Third, and most relevant for the purposes of this paper, is the
critique of GIS as elitist and marginalizing. Because of its high
cost, the first major GIS installations occurred in government
agencies and powerful corporations. Most oil and gas agencies and
companies, along with most forest resource agencies and forest
products companies, had acquired major GIS installations by the mid
1980s. Moreover, early GIS inherited many of its basic ideas from
map-making, including the scientific principle that it is possible
to describe the true nature of the Earth’s surface in a single,
scientifically correct version. This principle of scientific
measurement was easily applied, for example, to the measurement of
topography.
The problem with this view of GIS is that it suggests a powerful
elitist technology, that can easily be perverted into serving the
interests of a powerful elite. As a scientific tool filled with
scientific data, it reflects the notion that science can be
conducted by dispassionate observers according to altruistic
principles. But in areas such as spatial decision support there is
clearly the opportunity for any technology to favor the interests of
a particular, powerful group, and to ignore or marginalize the views
of others.
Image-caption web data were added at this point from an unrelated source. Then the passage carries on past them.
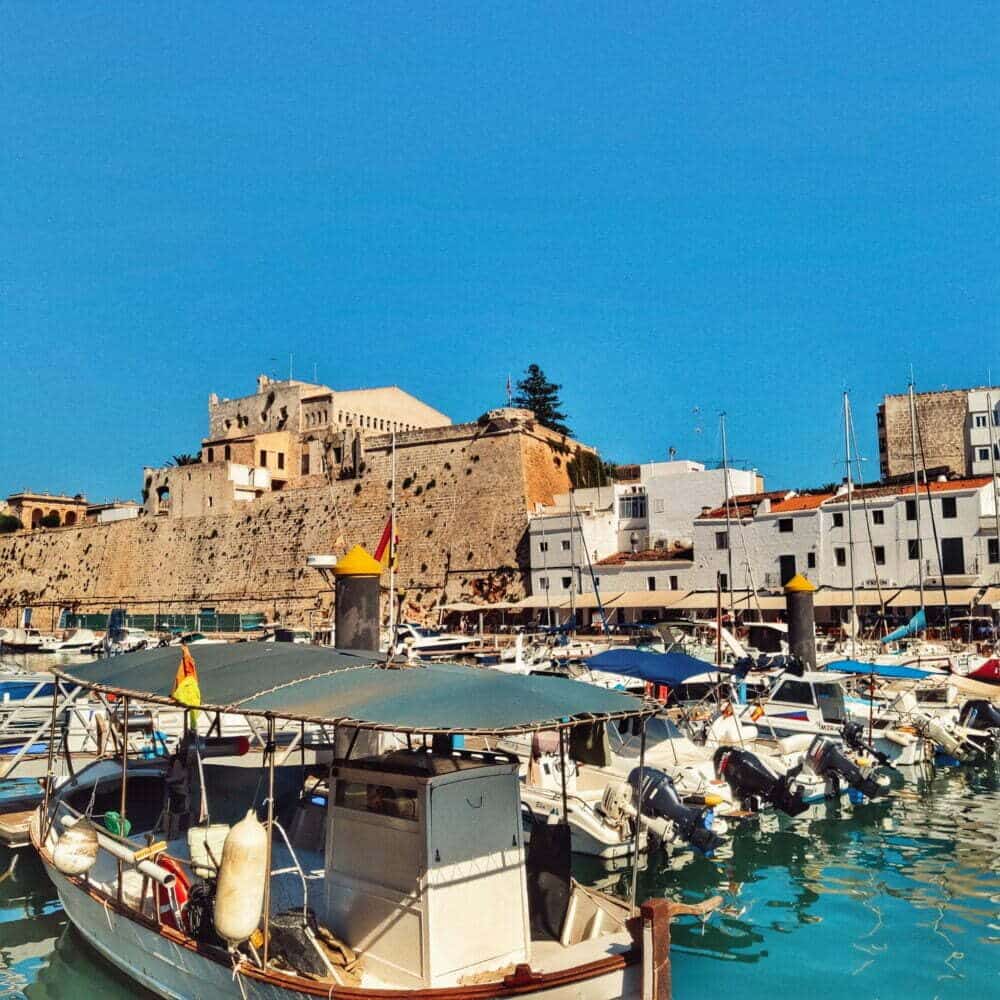 El port de la Ciutadella de Menorca en autocaravana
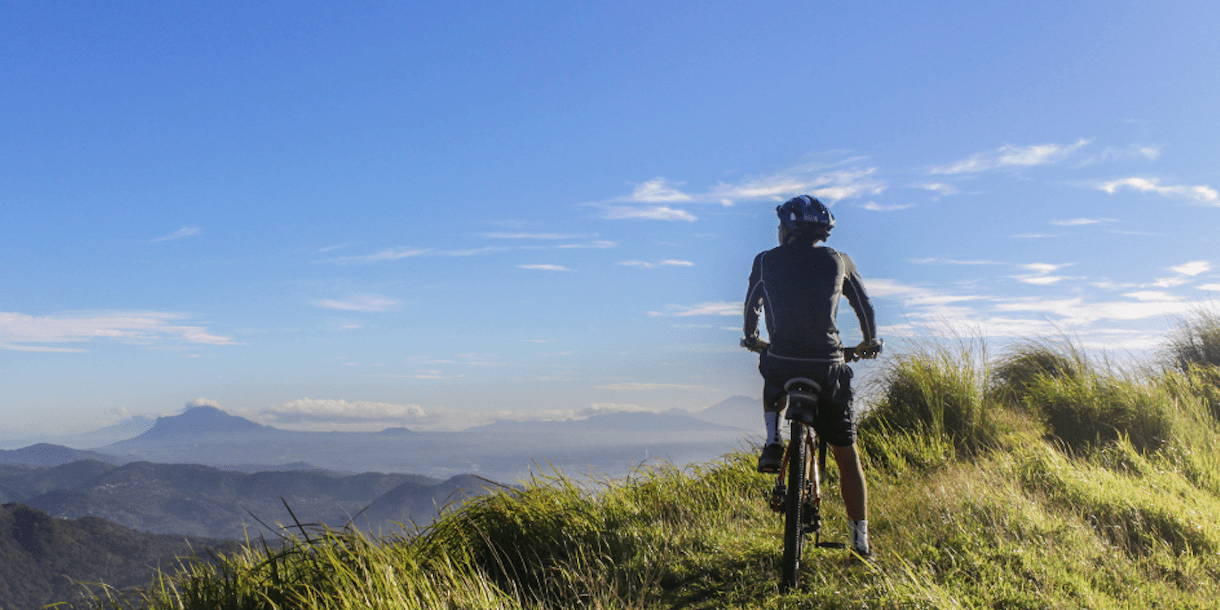 Essential Gear for Mountain Bikers: Why a Perfect Fit Matters for Riders with Low Nose Bridge - JOURNEY OPTICS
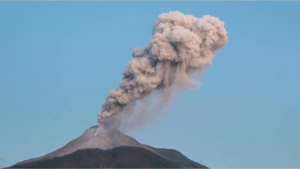 Alerta en Indonesia por la erupción del volcán Lewotobi: murieron nueve personas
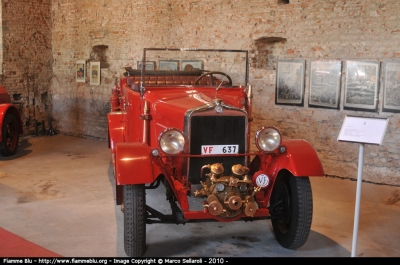 Fiat 614 
Vigili del Fuoco
Museo di Mantova
Anno 1932
VF 637

Parole chiave: Fiat 614 Museo_Mantova VF637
This view was simply reinforced by the observation that
access to early GIS, because of its cost, was virtually limited to
the powerful, whether in the form of government agencies or private
corporations. Moreover it fed directly from the earlier critique of
cartography, which showed in a similar way how an ostensibly
objective, scientific technology could be subverted to serve hidden
interests and motives.
Several excellent summaries of the social critique of GIS have
appeared (Pickles, 1999; Schuurman, 2001), and despite some initial
intellectual skirmishing the critique seems to be generally accepted
as having merit, and requiring response. A series of initiatives,
beginning with a meeting organized by the U.S. National Center for
Geographic Information and Analysis in 1993, have attempted to
encourage constructive dialog. Most relevant for this current paper
is the emergence from the critique of a concept of
public-participation GIS, a major development with both technical
and institutional implications, and the subject of the next section.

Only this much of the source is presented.